A research team at the University of Warwick claims to have developed blood and urine tests that can effectively indicate autism in children. The study, using complex machine learning algorithms designed to identify differences in blood and urine between autism spectrum disorder (ASD) subjects and healthy children, suggests a variety of new biomarkers that could be related to the condition.

A big hunt is currently underway for a clear biomarker that can allow doctors an objective pathological way to diagnose ASD. Currently the only way to diagnose the condition is through behavioral assessments, and most children aren't identified as autistic until after the age of four. The condition is undeniably complex, with many researchers recognizing the causes as rooted in an elusive combination of genetic variants and environmental factors.

Previous research has suggested an assortment of possible biomarkers that could offer physicians potential diagnostic tests, from analyzing single protein levels in saliva to complex combinations of metabolites in a blood sample.

The latest research in the area from the University of Warwick suggests a link between ASD and the presence of certain damaged proteins in blood plasma. The study claims that children with ASD had higher levels of the oxidation marker dityrosine, as well as what are called advanced glycation end products (AGE).

Much like similar work from the Rensselaer Polytechnic Institute in 2017, this study used machine learning techniques to study the blood of both children with and without ASD in order to distinguish chemical differences between the two groups. The study looked at blood and urine samples from 38 children diagnosed with ASD, compared to a healthy control group of 31 children. All the subjects studied were aged between five and 12.

Experts in the field are suggesting that while this is certainly an interesting study, it is in no way close to providing a new diagnostic test for autism. James Cusack, the Director of Science at UK charity Autistica, and not affiliated with the research, says this study is weakened by its small sample size and, "does not tell us how effectively this measure can differentiate between autism and other neurodevelopmental or mental health conditions such as ADHD and anxiety."

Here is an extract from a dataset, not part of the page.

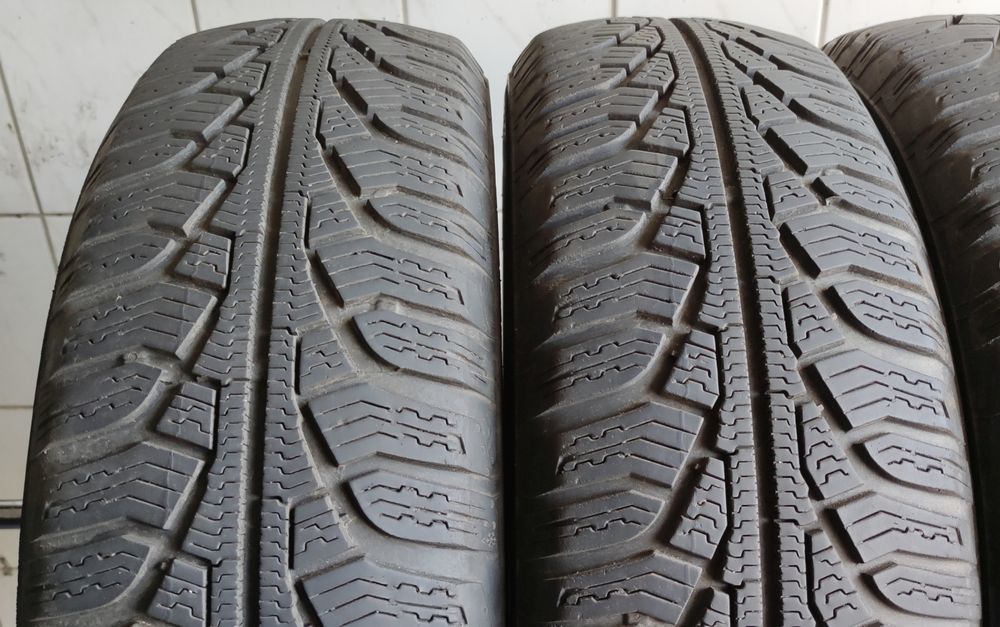 2x 185/65R15 Uniroyal MS Plus 77 88T 6,06mm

Max Davie from the Royal College of Paediatrics and Child Health, who did not work on this study, also questions the validity of the data, pointing out, "The analysis was derived from children whose ages averaged 7-8, so there is no data to indicate that very young children will have the same metabolic pattern and that the results found would be reproducible in infants."

The team behind the new study certainly recognize some of the limitations in the work, admitting that further research needs to be done to isolate different age-related biomarkers, and to identify variations in severity of the condition. While trying to uncover a clear pathology to this devastating and mysterious condition is undeniably important work, there are numerous questions that still remain unanswered, meaning we are likely still a long way from a test like this being broadly deployed.

"While we applaud the arrival of this interesting area of research, it is important that it is not adopted with too much enthusiasm – if applied to a large population it will produce large numbers of 'false positives', causing huge worry and potential harm to children and families," adds Davie.

The new study was published in the journal Molecular Autism.